Op basis van de wetsgeschiedenis van artikel 140 lid 2 WvSr kan volgens de AG worden vastgesteld dat de bedoeling van de wetgever is geweest het negeren van het rechterlijk verbod centraal te stellen. Voor wat betreft het type gedragingen waarmee het rechterlijk verbod wordt overtreden, heeft de wetgever in 2022 de reikwijdte van ‘voortzetting van de werkzaamheid’ vrij ruim opgevat. Daaronder vallen volgens de wetgever alle gedragingen die bij de normale werkzaamheid van de verboden organisatie hoorden. Dat kunnen dus ook gedragingen zijn die op zichzelf bezien niet strafbaar zijn, maar die wel bij het normale verenigingsverband horen. Is dat het geval, dan wordt de uitspraak van de rechter die het verbod heeft uitgesproken niet opgevolgd.

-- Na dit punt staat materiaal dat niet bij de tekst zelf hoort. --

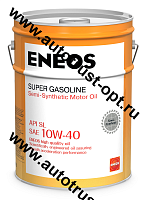 ENEOS Gasoline Super 10W40 SL (п/синт)  20л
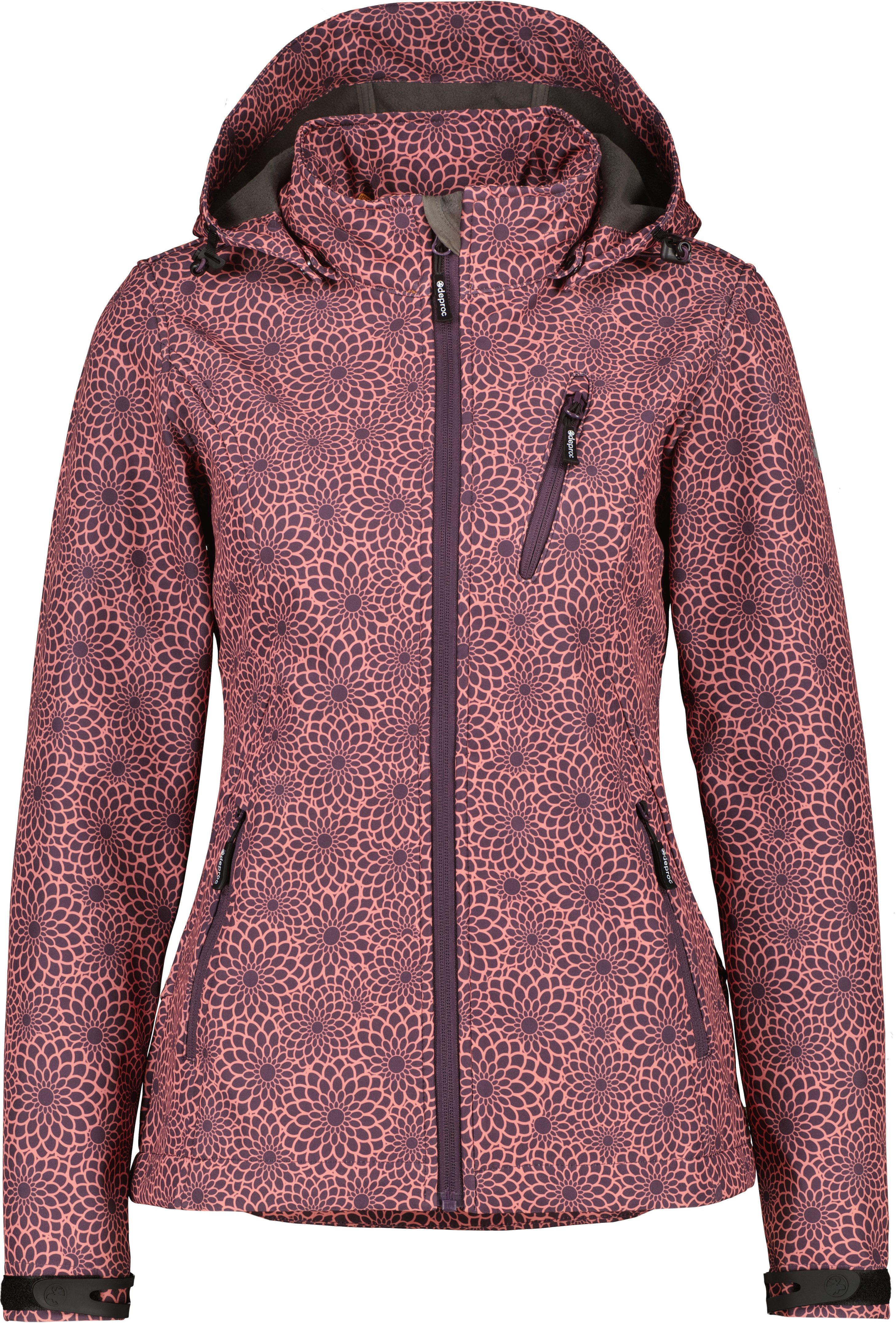 DEPROC Active Funktionsjacke SHELBY XV OS WMN mit abnehmbarer Kapuze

Voor de zaak in kwestie betekent dit volgens de AG dat de vraag moet worden beantwoord of de verdachte door het dragen van clubkleding – binnen de context van een gerechtsgebouw waar op dat moment een zaak tegen andere oud-leden van de verboden organisatie werd behandeld – naar objectieve maatstaven heeft bijgedragen aan de voortzetting van de werkzaamheid van die verboden organisatie.

Volgens het hof staat in de wetsgeschiedenis ‘(meer) nadrukkelijk de gerichtheid van de gedragingen ter zake van de werkzaamheid van een verboden verklaarde organisatie voorop’. Het hof heeft over de feiten in deze zaak geoordeeld dat het lopen met kleding en een tasje met de opdruk van Bandidos gezien de aard van de gedraging en de omstandigheden geen gedraging is die ten dienste staat aan het voortbestaan van de verboden organisatie. Het hof vond de gedraging daarvoor – in de woorden van de AG – te onbeduidend, namelijk een ongerichte, individuele actie van een voormalig lid van de organisatie.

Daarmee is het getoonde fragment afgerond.